How would a female presidential candidate fare if she had Newt’s fidelity problem?

By Kathy Groob, ElectWomen Magazine

Clearly the religious right doesn’t care about the sanctity of marriage as long as it’s between a man and a woman.  When South Carolina Republicans voted overwhelmingly for Newt Gingrich on Saturday, they proved that infidelity and divorce, even multiple times, isn’t enough to keep a candidate out of the White House.  What if the candidate was a woman?

Would a female candidate for president have a chance if she had been married three times?  Had extramarital affairs with much younger men while being married to their husbands?  Would a woman be held to the same lax moral standards that South Carolinians have held for their nominee, Newt Gingrich?
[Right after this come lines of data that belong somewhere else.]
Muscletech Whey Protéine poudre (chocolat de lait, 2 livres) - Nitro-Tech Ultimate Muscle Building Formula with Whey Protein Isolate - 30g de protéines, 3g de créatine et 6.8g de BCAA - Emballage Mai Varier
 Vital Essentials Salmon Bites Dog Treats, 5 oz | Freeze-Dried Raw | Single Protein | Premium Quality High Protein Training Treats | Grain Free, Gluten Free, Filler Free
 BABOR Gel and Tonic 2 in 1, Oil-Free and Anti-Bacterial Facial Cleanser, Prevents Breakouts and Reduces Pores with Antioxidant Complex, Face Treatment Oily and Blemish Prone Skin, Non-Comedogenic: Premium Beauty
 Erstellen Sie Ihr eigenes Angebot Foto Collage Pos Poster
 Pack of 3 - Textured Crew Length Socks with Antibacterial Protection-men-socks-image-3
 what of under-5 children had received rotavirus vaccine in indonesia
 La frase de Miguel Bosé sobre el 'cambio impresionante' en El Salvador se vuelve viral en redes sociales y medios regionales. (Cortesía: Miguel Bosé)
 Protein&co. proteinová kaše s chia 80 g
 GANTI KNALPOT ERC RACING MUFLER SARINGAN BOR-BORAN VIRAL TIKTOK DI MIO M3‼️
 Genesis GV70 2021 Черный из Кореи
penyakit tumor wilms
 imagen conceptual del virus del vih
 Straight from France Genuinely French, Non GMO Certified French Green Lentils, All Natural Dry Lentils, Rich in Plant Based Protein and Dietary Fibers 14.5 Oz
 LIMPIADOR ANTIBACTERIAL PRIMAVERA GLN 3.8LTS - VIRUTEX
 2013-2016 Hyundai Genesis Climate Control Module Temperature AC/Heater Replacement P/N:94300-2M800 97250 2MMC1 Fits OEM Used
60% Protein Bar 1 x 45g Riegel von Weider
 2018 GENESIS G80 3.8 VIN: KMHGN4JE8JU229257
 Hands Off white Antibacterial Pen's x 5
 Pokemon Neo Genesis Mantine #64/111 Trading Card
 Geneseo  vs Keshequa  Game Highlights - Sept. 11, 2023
South Carolina’s first woman governor, Nikki Haley, was scrutinized and nearly succumbed to rumors that she had an extramarital affair with a blogger while married to her one and only husband.  “I have been 100 percent faithful to my husband throughout our 13 years of marriage,” said Haley in a statement.  “This claim against me is categorically and totally false,” Haley, a 38-year-old mother of two, said in a statement. “It is quite simply South Carolina politics at its worst.”

So how was it that South Carolina voters so easily dismissed Newt Gingrich’s affairs  and even supported his outrage that his personal life should have no part in the presidential election?  Maybe because the voters are more tolerant of men cheating on their wives than women cheating on their husbands.

Following Saturday’s primary election, New York Times columnist Gail Collins wrote, “South Carolina is probably not the ideal state in which to be accused of breaking the matrimonial bonds, then smashing them and jumping up and down on them until they are a just a pile of marital powdery dust.”